BTO-1, CCG-2046, and ellipticine were identified as inhibitors of LPS induced TNF-α production from this LOPAC library screen. BTO-1 is a polo-like kinase I inhibitor, which inhibits spindle assembly, mitotic entry and chromosome segregation [30
]. Ellipticine, an alkaloid derived from the leaves of the evergreen tree, is known as a DNA intercalating agent [31
] and an inhibitor of the enzyme topoisomerase II [32
]. However, the roles of these compounds and the mechanism of action on LPS-induced TNF-α production still need further investigation. These compounds might be useful as research tools in the fields of inflammation and immunology.

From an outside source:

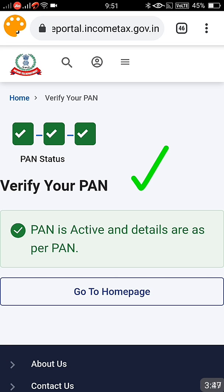This way you can confirm whether a PAN is valid and whether the data in the PAN and the web portal is in the right order. Thank you so much — if you liked the video, please give it a like, share, and subscribe. See you with another important video.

In summary, we have optimized and validated two homogenous TNF-α assays using HTRF and AlphaLISA assay formats. Both assays were miniaturized into 1536-well plates in a qHTS format. From a test screen of the LOPAC library, we have identified twenty-five TNF-α inhibitors. All these compounds showed reproducible activities in these two assays. Eight out of the 25 compounds were further evaluated in the traditional ELISA based TNF-α assay. The IC50 values of these compounds measured from the homogenous HTRF-based TNF-α assay correlated very well with those determined in the TNF-α ELISA assay. Out of the 25 compounds, 15 are beta adrenergic receptor agonists, five are known inhibitors of the NF-κB pathway, and one compound is a histamine H2 receptor agonist. The identification of these 21 known inhibitors further demonstrated that these two homogenous TNF-α assays reported here are valid for compound screening. We also found four compounds including BTO-1, CCG-2046, ellipticine, and PD 169316 as new inhibitors of LPS induced TNF-α production. Taken together, our results indicated that these homogenous TNF-α assays can be used to quickly and efficiently screen large compound collections and to identify compounds that can potentially inhibit TNF-α production.